A system for riskless long-term profits in real markets

Discussion in 'Options' started by sambian, Apr 6, 2010.

  1. sambian

    sambian

    I'm just showing that the idea works when tested with real prices. This is how it's done. If you need examples of other people who didn't take into account comissions and slippage, but their work was appreciated, look at Black, Scholes, Merton etc. :)

    The moment in which the trades are done is irrelevant. As I said it could be day, week, month, year, whatever. It could be 1:46 PM. But I have historical daily and monthly closing prices for the examples. If you have historical data for the prices at 1:46 PM, send it to me and I will show you that the results will be very similar :)
     
    #11     Apr 7, 2010
  2. MTE

    MTE

    A closing price is not a real price since you cannot trade at this price. Your portfolio returns $800 more than buy&hold over a 60-year period. This is not an outperformance when you take into account the costs associated with monthly rebalancing.
    There have been a lot of academic work that shows theoretical outperformance, but at the end of the day, what matters is whether a system works in real life or not, and based on your results your system doesn't have any real life value. You can't compare the work of Black and Scholes (option pricing model) to your work. They provided a framework for pricing options and everybody knows that it doesn't work in the real world without adjustments. Your work, on the other hand, is a system that apparently outperforms the market.

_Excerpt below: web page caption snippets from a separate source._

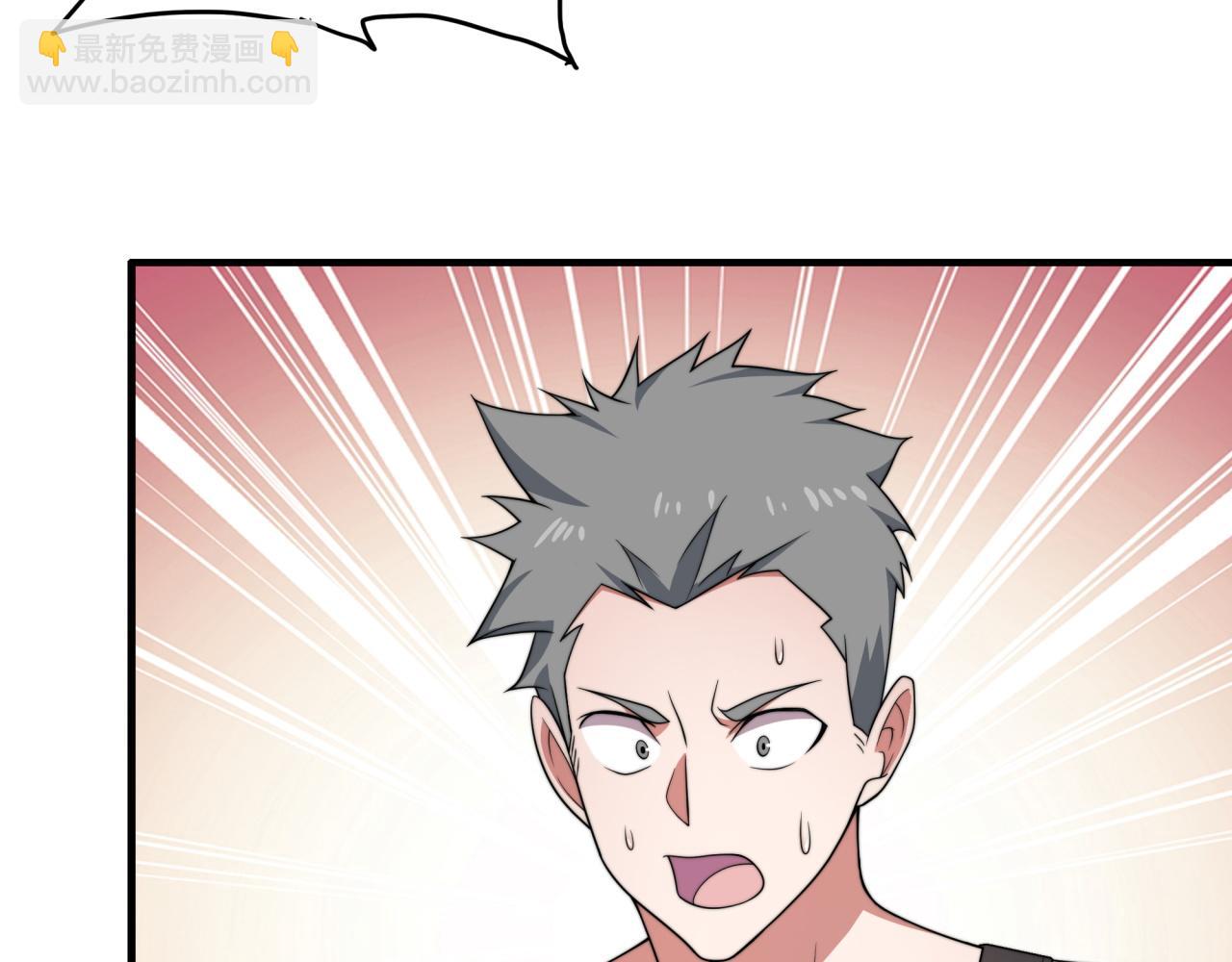 第24话 好运连连(1/3)-第24话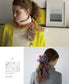 European Hand Knitting 2026 AutumnWinter (Let's Knit Series)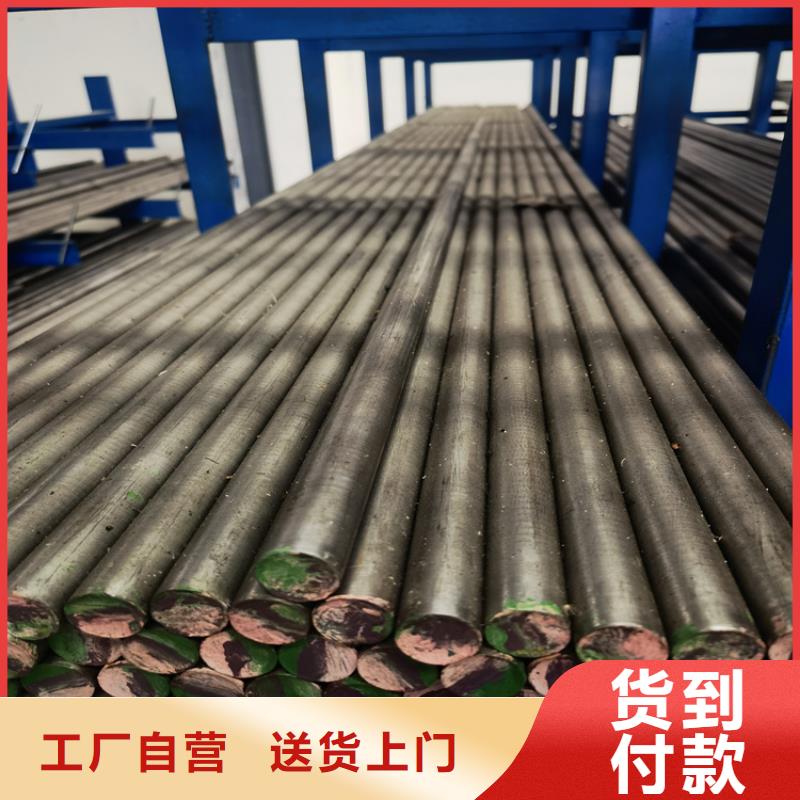 H13精板大品牌有保证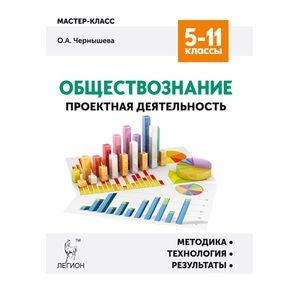 Обществознание. 5-11 классы. Проектная деятельность. Методика, технологии, результаты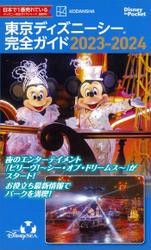 東京ディズニーシー完全ガイド　２０２３−２０２４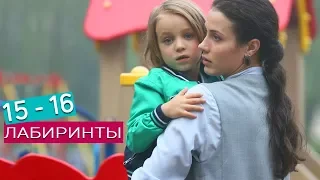 Лабиринты. Анонсы 15 - 16 заключительных серий 2018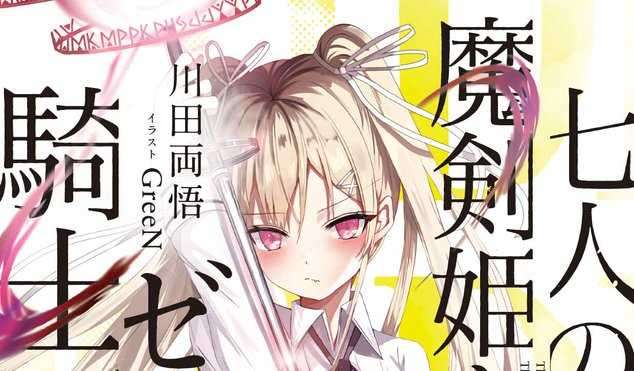 【MF 文库 J 十月刊】『七人の魔剣姫とゼロの騎士団』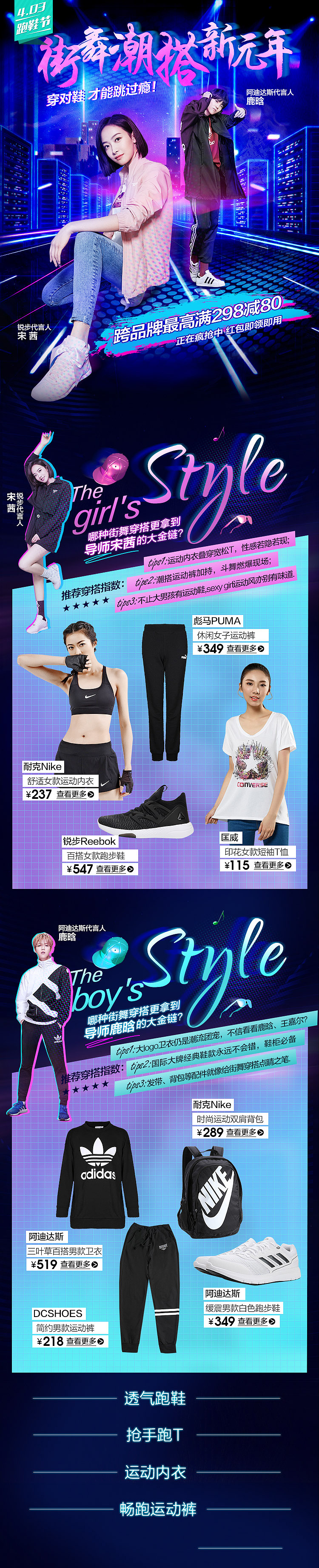 2018年唯品运动页面（图ZMjEwMzgwNDU2） - 电商 - 站酷设计师小疯大憨原创素材 - 站酷ZCOOL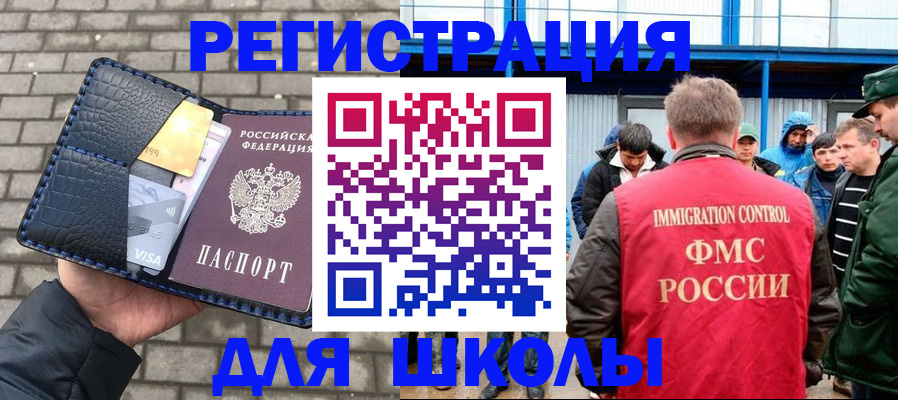 найти адрес прописки в Лобне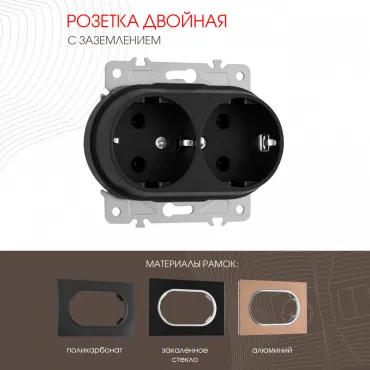 Розетка двойная с заземлением, 16A 250V 202.40-2.black Розетка двойная с заземлением, 16A 250V 202.40-2.black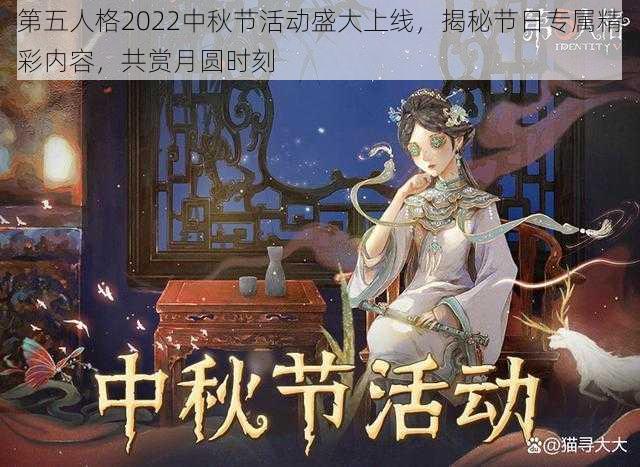 第五人格2022中秋节活动盛大上线，揭秘节日专属精彩内容，共赏月圆时刻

    It's not the moment in which the trade takes place that matters! What matters is that in your backtest you use the price that is not available until after the fact. Just google "look-ahead bias".
     
    #12     Apr 7, 2010
  3. sambian

    sambian

    What do you think, would I post it online if it had big real life value? :) It has theorethical value, which you can not appreciate, and this is fine by me, I'm used to it.

    As I already said, I use prices which are available to me. If you have better database, I will appreaciate it if you send i to me :)
     
    #13     Apr 7, 2010
  4. MTE

    MTE

    I'm more into real life trading value, but if you are more into theoretical value then that's fine by me.

    On a side note, this thread doesn't belong in the options forum, as it has nothing to do with options.
     
    #14     Apr 7, 2010
  5. sambian

    sambian

    I'm also more into real life trading value, I just don't post my real life systems online :)

    MathAndLogic posted the other thread in this forum, so I decided that here is the proper place to post this thread, so that people can follow the discussion. And actually this thread has a lot to do with options, but I have to be very very theoretical to get to that and I'm worried that nobody will understand me.
     
    #15     Apr 7, 2010
  6. I would be interested in how you feel this has to do with options. If you don't want to post it, I'd enjoy a private message.
     
    #16     Apr 7, 2010
  7. rew

    rew

    This is basically a variation of Alexander Green's "Gone Fishin'" strategy: http://www.amazon.com/Gone-Fishin-P...=sr_1_1?ie=UTF8&s=books&qid=1270663164&sr=1-1

    You buy several distinct asset classes and rebalance at the end of each year.

    Because you tend to sell more of whatever is overbought and buy more of whatever is undersold it may well do somewhat better than buy and hold over the long run. OTOH, because the decision of when to rebalance is very arbitrary I suspect that an active trading strategy should do better.
     
    #17     Apr 7, 2010
  8. olias

    olias

    I'm starting to get your drift. I thought you were crazy at first, but I do find this interesting now. Thanks. I haven't read all your posts, but I think I will investigate it and think about it some more
     
    #18     Apr 7, 2010
  9. As i said in another post, the profit only comes from the second order of taylor expansion. it does not worth the commission, let alone slippage.

     
    #19     Apr 7, 2010
  10. sambian

    sambian

    I will surely write what it has to do with options, but I need more time, which I don't have these days.
    Here is something briefly:
    Are you acquainted with the Cox-Ross-Rubinstein option pricing model? Those guys claim to calculate "probability" of up movement and down movement, but in their view an up movement of x is equally likely as a down movement of x. So for example a price increase of 50% is equally likely as a decrease of 50%. This can be seen in their papers. And it is also in the schoolbooks, like the book of Hull for example.
    Do you think that they are right? If not, what do you think is the probability of an up movement of 50% before a down movement of 50%? We assume that the price follows a random walk and the risk-free rate is 0. I think I know the answer and I know how to calculate the probabilities, but I'm not sure whether the way I do it is the best possible, so I'd like to see other peoples' thoughts on the subject.
    Of course, knowing those probabilities can be helpful in trading options. But there are also other theoretical implications following from my system, for which I will write later.